A primeira vez que o vi foi impactante, ele tem esse poder: impacta as pessoas! É um homem lindíssimo, um maciço de músculos muito bem talhados pelos anos de dança, a pele ricamente negra e a altivez da realeza africana, um legítimo filho de Ògún, o Orixá que é senhor do metal, da tecnologia e dos caminhos, características do Pai que ele sabe usar como poucos… hoje eu te convido a conhecer Zebrinha, um dos maiores bailarinos e coreógrafos do Brasil, mas principalmente, um dos homens mais dignos que já conheci e que realmente faz a diferença entre os seus.

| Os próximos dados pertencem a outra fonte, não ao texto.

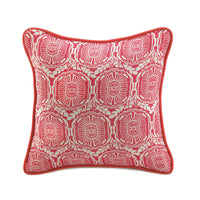 Jute Red Pillow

Tudo começou na Liberdade, bairro histórico de maioria negra e que hoje conta com uma população de mais de 180 mil pessoas. Por sua evidente aptidão para as artes, Zebrinha ainda adolescente logo se destacou nos grupos de dança e teatro na escola. Dos palcos escolares para os internacionais foi meio que orgânico e aos 17 anos fez sua primeira viagem internacional, logo depois recebeu uma bolsa integral no famoso Alvin Ailey American Dance Theatre (Estados Unidos), sua formação em dança passa pelo balé clássico e dança contemporânea nas escolas mais renomadas na América do Norte e Europa, e como ele mesmo diz: “Toda a minha formação vem de fora. Eu sou preto e grandão, aqui diziam que eu não podia fazer dança clássica. Lá fora eu descobri que eu poderia fazer tudo o que eu quisesse na minha vida”, e fez!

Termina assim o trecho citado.